Alice Walker had been pursuing acting in Los Angeles for only three months and believed that Paleologus, who had told her he was a novelist from New York, could procure an audition for the role of a dominatrix in a Bond movie. "I'm embarrassed at how stupid and naive I was," she testified at Paleologus' trial. She had met Paleologus on Jan. 25, 2003, a few weeks before Johnson's disappearance, while waiting on him at Houston's restaurant in the Century City mall. She agreed to meet him the following day at what turned out to be the other former Café Milano property, on La Cienega Boulevard, to practice—before attending the audition—for the role that would earn her $200,000. Once in the building, he had her pose on her hands and knees and also strut across the dirty Astroturf floors in a white shirt, black miniskirt, nylons, and black stilettos.

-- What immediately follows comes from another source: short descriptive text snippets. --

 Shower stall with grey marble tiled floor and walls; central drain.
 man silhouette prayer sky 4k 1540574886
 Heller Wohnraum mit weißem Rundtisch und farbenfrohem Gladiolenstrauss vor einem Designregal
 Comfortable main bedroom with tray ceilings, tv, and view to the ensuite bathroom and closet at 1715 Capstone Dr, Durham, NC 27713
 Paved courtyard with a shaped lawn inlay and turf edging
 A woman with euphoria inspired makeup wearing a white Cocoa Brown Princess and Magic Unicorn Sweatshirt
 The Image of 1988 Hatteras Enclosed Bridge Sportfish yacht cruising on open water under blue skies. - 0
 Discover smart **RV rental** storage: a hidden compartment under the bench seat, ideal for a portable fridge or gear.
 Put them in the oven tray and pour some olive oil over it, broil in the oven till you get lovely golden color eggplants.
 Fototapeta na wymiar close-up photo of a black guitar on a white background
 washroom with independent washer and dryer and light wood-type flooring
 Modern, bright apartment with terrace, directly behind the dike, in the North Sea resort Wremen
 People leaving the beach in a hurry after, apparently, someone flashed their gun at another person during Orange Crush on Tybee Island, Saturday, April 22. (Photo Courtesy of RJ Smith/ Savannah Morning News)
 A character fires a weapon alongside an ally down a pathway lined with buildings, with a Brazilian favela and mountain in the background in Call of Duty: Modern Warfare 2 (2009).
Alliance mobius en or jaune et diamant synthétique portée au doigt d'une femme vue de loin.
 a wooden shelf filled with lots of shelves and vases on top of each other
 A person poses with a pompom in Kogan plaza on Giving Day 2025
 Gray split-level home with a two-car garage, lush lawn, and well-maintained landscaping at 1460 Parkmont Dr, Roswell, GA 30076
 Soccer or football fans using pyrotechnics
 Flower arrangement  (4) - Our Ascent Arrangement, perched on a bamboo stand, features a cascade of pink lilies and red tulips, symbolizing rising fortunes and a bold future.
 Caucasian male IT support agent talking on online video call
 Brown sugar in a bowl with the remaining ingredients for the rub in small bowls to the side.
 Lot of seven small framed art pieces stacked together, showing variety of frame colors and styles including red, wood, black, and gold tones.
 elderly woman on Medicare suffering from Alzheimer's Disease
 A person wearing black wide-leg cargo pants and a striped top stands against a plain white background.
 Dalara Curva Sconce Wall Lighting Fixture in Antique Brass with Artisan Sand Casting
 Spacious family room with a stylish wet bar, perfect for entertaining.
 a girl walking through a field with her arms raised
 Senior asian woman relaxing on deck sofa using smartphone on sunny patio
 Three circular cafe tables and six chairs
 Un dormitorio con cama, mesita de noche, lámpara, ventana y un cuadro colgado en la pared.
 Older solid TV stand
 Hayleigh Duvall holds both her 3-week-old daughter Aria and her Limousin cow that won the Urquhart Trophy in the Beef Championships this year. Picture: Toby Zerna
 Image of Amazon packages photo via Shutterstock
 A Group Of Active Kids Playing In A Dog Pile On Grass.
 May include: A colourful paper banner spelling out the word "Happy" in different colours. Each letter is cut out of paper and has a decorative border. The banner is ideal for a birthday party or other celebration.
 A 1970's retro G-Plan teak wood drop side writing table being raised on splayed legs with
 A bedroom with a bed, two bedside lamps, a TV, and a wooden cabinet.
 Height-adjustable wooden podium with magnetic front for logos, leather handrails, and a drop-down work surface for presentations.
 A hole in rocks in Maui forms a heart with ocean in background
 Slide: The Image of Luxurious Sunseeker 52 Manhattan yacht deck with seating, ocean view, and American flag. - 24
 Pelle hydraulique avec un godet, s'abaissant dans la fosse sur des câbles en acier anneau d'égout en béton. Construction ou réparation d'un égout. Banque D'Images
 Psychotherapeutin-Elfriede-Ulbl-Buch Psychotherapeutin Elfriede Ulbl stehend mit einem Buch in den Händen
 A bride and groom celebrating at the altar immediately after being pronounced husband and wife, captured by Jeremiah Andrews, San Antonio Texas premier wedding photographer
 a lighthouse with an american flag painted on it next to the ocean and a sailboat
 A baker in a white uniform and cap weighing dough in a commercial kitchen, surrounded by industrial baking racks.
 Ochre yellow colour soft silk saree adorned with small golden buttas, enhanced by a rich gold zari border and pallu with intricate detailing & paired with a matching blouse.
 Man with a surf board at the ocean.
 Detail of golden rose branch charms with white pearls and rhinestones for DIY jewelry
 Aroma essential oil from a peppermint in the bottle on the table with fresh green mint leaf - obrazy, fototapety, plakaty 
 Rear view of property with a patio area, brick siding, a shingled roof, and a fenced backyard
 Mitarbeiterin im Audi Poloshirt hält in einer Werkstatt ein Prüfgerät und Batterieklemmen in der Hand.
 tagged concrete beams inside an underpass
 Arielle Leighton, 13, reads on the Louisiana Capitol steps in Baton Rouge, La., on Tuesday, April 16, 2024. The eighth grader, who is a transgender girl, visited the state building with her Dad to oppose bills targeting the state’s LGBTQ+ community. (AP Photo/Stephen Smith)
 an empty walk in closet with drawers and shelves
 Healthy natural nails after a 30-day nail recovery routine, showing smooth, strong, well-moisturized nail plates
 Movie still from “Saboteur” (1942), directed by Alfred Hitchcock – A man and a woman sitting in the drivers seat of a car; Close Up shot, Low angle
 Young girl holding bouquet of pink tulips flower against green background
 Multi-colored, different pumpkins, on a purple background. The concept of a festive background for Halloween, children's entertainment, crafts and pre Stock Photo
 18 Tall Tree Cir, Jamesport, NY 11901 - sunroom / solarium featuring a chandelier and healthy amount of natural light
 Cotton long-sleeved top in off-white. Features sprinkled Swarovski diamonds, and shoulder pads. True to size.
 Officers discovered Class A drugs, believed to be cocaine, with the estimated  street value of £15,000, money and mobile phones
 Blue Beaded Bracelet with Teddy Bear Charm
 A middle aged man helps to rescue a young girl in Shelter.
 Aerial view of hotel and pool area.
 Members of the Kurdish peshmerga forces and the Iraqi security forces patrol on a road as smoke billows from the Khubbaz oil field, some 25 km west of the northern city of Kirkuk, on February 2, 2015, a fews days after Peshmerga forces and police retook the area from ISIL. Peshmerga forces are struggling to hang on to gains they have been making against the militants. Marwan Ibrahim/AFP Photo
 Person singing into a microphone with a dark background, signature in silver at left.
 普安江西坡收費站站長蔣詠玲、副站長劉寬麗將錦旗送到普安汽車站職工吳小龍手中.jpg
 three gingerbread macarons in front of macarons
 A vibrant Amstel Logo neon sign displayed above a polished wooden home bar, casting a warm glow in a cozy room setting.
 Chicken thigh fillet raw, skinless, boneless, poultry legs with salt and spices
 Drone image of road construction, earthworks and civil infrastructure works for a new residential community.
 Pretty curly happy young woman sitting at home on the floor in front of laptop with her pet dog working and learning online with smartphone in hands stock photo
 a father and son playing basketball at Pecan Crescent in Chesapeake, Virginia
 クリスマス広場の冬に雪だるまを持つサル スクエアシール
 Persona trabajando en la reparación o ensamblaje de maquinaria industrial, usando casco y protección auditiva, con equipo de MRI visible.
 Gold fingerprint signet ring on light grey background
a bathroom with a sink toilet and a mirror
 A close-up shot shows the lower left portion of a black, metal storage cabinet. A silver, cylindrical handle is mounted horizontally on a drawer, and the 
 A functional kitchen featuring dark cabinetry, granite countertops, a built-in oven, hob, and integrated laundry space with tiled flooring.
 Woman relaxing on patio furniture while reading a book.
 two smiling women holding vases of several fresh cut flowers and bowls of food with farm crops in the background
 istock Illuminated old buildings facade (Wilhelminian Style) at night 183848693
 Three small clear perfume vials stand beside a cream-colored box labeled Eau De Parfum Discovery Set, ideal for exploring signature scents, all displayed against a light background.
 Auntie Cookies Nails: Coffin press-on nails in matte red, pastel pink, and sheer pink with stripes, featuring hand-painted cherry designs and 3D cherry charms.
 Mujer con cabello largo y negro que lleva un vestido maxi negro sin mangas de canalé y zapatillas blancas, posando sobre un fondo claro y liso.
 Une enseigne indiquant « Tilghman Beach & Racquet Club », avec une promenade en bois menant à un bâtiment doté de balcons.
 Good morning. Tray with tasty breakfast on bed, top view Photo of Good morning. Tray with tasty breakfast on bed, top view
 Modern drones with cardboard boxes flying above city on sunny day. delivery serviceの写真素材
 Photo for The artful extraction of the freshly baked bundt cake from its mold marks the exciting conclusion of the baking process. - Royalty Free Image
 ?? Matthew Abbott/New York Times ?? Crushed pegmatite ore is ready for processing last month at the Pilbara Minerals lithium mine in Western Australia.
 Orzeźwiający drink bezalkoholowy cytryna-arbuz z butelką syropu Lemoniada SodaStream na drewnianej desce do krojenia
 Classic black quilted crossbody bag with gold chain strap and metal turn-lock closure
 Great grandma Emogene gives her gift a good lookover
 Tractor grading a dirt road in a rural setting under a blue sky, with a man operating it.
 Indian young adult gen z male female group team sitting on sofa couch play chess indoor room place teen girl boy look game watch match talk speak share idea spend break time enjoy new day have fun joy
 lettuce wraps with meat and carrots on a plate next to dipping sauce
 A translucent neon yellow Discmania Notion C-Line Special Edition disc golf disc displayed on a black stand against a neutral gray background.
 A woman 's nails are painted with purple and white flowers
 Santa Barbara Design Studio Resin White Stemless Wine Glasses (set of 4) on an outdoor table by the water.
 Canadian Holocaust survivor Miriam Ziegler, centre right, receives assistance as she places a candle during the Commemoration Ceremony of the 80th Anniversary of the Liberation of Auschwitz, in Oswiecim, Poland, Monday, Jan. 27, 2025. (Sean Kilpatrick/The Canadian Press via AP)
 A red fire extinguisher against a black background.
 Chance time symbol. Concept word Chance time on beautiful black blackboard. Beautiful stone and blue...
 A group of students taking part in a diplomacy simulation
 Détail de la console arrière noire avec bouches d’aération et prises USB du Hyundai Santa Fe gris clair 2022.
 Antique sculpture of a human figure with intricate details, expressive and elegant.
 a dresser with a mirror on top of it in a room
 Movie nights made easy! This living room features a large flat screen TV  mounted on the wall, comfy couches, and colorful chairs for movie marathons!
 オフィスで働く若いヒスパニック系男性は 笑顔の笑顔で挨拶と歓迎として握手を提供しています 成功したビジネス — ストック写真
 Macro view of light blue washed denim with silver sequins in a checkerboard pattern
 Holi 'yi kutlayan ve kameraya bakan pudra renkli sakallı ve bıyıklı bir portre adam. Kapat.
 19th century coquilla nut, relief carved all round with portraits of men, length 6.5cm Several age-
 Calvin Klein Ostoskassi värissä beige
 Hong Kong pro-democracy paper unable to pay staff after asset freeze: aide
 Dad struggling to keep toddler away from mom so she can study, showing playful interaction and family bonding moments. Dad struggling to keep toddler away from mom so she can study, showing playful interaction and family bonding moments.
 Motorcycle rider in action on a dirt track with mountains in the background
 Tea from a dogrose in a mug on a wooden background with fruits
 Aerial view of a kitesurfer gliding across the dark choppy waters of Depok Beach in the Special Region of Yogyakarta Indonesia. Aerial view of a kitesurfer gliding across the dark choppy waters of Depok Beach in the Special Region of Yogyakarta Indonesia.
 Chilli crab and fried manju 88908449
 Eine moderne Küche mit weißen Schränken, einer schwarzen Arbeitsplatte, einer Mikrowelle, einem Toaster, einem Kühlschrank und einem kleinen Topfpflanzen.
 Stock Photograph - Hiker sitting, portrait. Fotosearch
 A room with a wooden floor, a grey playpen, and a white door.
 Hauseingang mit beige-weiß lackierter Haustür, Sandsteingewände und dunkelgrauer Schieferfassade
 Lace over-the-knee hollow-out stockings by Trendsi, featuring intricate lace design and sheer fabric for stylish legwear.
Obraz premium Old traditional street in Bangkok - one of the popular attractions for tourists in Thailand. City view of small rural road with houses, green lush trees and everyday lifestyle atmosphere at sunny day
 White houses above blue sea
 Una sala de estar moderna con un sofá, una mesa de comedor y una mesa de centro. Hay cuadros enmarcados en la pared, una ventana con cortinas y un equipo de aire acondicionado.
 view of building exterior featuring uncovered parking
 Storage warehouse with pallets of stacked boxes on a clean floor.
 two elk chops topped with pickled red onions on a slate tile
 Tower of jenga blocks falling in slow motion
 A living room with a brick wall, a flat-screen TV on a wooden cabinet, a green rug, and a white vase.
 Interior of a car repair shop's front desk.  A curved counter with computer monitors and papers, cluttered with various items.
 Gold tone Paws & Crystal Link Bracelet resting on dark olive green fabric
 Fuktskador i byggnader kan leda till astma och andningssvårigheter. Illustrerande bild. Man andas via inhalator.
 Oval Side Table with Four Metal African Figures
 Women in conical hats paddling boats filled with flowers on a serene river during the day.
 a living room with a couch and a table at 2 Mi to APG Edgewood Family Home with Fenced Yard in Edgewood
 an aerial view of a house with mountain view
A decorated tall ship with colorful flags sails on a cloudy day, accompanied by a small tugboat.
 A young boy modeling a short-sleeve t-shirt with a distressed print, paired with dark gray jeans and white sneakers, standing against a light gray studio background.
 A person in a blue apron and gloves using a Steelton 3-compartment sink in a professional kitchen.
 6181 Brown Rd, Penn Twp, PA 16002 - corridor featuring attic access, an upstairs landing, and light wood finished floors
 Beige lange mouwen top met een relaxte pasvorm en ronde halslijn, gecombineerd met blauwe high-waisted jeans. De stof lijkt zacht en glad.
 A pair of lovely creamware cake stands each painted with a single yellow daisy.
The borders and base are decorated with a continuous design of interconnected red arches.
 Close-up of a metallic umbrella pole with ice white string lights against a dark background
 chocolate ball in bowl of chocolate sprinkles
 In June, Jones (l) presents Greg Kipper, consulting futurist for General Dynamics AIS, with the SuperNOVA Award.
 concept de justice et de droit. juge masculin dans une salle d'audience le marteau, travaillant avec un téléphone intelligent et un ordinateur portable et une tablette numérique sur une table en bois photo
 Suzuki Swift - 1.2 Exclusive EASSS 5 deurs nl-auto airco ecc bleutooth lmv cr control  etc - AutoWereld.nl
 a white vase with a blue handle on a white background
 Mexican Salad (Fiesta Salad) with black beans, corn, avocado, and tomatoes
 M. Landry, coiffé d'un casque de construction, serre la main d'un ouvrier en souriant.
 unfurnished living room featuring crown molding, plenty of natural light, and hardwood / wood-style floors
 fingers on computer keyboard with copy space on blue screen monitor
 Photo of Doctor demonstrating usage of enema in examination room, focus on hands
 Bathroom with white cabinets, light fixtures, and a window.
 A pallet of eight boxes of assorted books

When Paleologus wrapped and tightened a tie around her neck to complete the outfit, a nervous Walker shoved her thumb between her neck and the garment.
Fabrega said actors should listen to their gut. "There should never be any type of a touching, or there shouldn't be someone saying, 'Oh, we need you to wear specific clothing,' or 'We want you to disrobe.' Those things are all indicators that something is just not quite right," he noted. "[Actors] need to have their instincts be their guide. If they feel uncomfortable, then they should immediately leave, because no job is worth their safety."
Some of the women lured by Paleologus' offer escaped because of precautions they took to preserve their safety. The Los Angeles Times reported that actor Susan Murphy testified she brought her boyfriend to one of Paleologus' phony auditions and arrived not wearing the outfit Paleologus had requested. He angrily showed her the door. CourtTV.com reported that actor Elizabeth Buzzini, whom Paleologus approached at the airport in 1991, had a cocktail with him at a restaurant where producers of the Bond movie would supposedly meet them. When she noticed white powder on the top of her drink, she excused herself, saying she was headed for the restroom, instead reporting to the restaurant's manager that her drink had been drugged and asking him to call the police. Paleologus fled.
Fabrega suggested actors always tell someone responsible where they are going and leave an address and phone number with that person. Jotting down details about the new person's appearance and vehicle, including the make and color of the car and the license plate number, also doesn't hurt. He added that once actors arrive at an audition, they should mentally note the exact location and address because 911 operators receiving calls from cell phones will not have the location at hand. "Remember the main goal is not the job; the main goal is your safety," he said. "If it's too good to be true, it's too good to be true."
For the Johnson murder, Paleologus will serve 25 years to life in prison with the possibility of parole, which according to defense investigator G. Patrick Little indicates a victory for the defense. "If he had gotten convicted of the murder, then he would have gotten the death penalty. So we got him the best possible deal that you could possibly get a human being and still with a possibility that he might get paroled," said Little. The sentencing is scheduled for Sept. 15.
Walgren, who said the victim's family was pleased with the plea bargain, saw things differently. "Our victim's family, their main concerns were getting him off the streets forever and having him take some sort of responsibility. They were very pleased with the resolution, very pleased that they were able to bring some closure to this case, so we're very happy," he said. "He should serve the rest of his life in prison."